"Venivo chiamato spesso come
commissario ai concorsi perché avevo fama di essere imparziale"
e lontano dal fare alcun "favoritismo in quanto non avevo
parenti in università. Nessun professore universitario tra me e
Adamo ed Eva!". Massimo Galli, l'infettivologo di fama
internazionale e fino a due anni fa docente alla Statale di
Milano, ha riposto così alla prima domanda posta in aula nel
corso del suo interrogatorio reso nell'ambito del processo con
al centro uno dei filoni di indagine su presunti concorsi
pilotati alla facoltà di medicina.
Galli, che è stato anche uno dei massimi esperti in prima
linea durante la pandemia, per un paio di ore ha chiarito,
replicando alle ipotesi dell'accusa, come si è svolto il
concorso che nell'aprile 2020, in piena emergenza Coronavirus,
ha portato Agostino Riva, allora suo stretto collaboratore e ora
suo coimputato, a ottenere il posto di professore di seconda
fascia in malattie cutanee, infettive e dell'apparato digerente.

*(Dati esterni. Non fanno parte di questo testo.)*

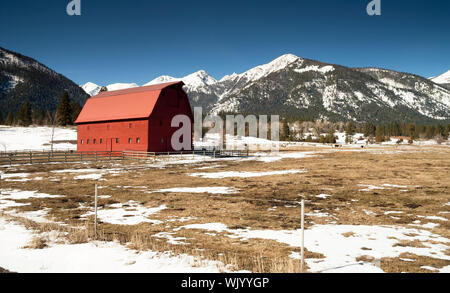 Eine Ranch Farm homestead sieht hell und kalt im Winterfrost Stockfoto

Oltre a precisare che "stava nella logica delle cose che Riva
si presentasse al quel concorso", ha spiegato i motivi per cui
anche l'infettivologo del Niguarda Massimo Puoti, avesse fatto
domanda giunta inaspettatamente anche perché "si sapeva che era
interessato al concorso di Napoli". Inoltre, replicando al pm
Carlo Scalas che gli ha chiesto ragione di alcune telefonate, ha
in sostanza negato qualsiasi ipotesi di una sua volontà di
precostituire i criteri del bando.
Galli, replicando al pm, oltre a dire che "in genere questi
concorsi vengono indetti nel rispetto dello sviluppo accademico,
in cui ognuno porta avanti la sua scuola" e che in una "comunità
di poche persone era normale conoscere bene entrambi i
candidati", ha affermato "di aver sempre evitato che si
potessero verificare scontri nella disciplina".